Film reviews

Jul 21, 2009

Balibo film review: dynamite Aussie exposé

Luke Buckmaster — Writer, Critic and The Daily Review Journalist

Luke Buckmaster

Writer, Critic and The Daily Review Journalist


Green lightDirector Robert Connolly expands his genre-hopping oeuvre from corporate thriller (The Bank) and down-and-out drama (Three Dollars) to electrifying political sizzlers with Balibo, a wartime exposé destined to shock, shame and compel Australian audiences.

It is the curtain raising opening night feature of this year’s Melbourne International Film Festival, marking the third terrific Australian film of 2009 to premiere at a prestigious festival (the others are Mary and Max at Sundance and Samson & Delilah at Cannes).

Based on the true story of five Aussie journalists (aka The Balibo Five) who were murdered by Indonesian militia in the eponymous East Timorese town in 1975, and a sixth, Roger East (Anthony LaPaglia), who endeavoured to find them and tell their story, the film conveys a harsh and unspeculative tone.

There is barely a trace of sentimentality and very little shooting the breeze: no forlorn letters to mum at home, no soapy monologues about returning to their girlfriends, no quivering moments of “what are we doing in this sh*t hole.”

Where the screenplay, penned by Connolly and veteran Australian playwright David Williamson, finds elbow room for characterisations is in development of the two central characters: East and a young quixotic revolutionary, José Ramos-Horta (Oscar Isaac), who years later will go on to become President of East Timor.

During the build up to the ’75 Indonesian invasion Romas-Horta headhunts the grumpy, world-weary East, proposing he head the national news agency. East isn’t interested until he learns of the five missing and suspected dead journos from Channel 7 and Channel 9. They strike a deal: Romas-Horta will take East to Balibo, retracing the steps of the journalists, and East will accept the job offer.

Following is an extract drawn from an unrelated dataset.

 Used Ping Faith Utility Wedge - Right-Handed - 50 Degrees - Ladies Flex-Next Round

The story cuts between time frames, presenting quick bursts of the journalists’ story. Their presence remains high-impact throughout. Gritty on-the-ground handheld cinematography felt like a must from the get-go; this is not a film conducive to classical framing. The cameras bob, jitter and pulsate, underscoring the steady realism of Connolly’s direction.

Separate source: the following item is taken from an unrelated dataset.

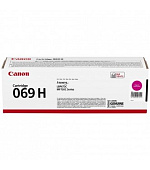 BAZAR - Canon TONER CRG 069M H purpurový pro LBP673Cdw, MF752Cdw, MF754Cdw, MF752Cdw II a MF754Cdw II (5 500 str.) - Poš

Oscar Isaac is charismatic as Romas-Horta in a flattering though nevertheless believable portrayal. But it’s Anthony LaPaglia who steals the show as Roger East, in easily one of the actor’s most affecting performances. LaPaglia inhabits the role, his face a mat of grim determination, his eyes like they’re underlined by the shadows of death.

If Balibo’s characterisations are light on the ground, it’s for a good reason. LaPaglia’s tormented face will be etched into the audience’s memories and the experience of watching the film will hang like lead weights.

In one of Balibo’s many high-impact scenes two simple words – “I’m Australian” – take on harrowing connotations. Chalk this dynamite Aussie exposé as a must-see, and remember to take a cold shower afterwards.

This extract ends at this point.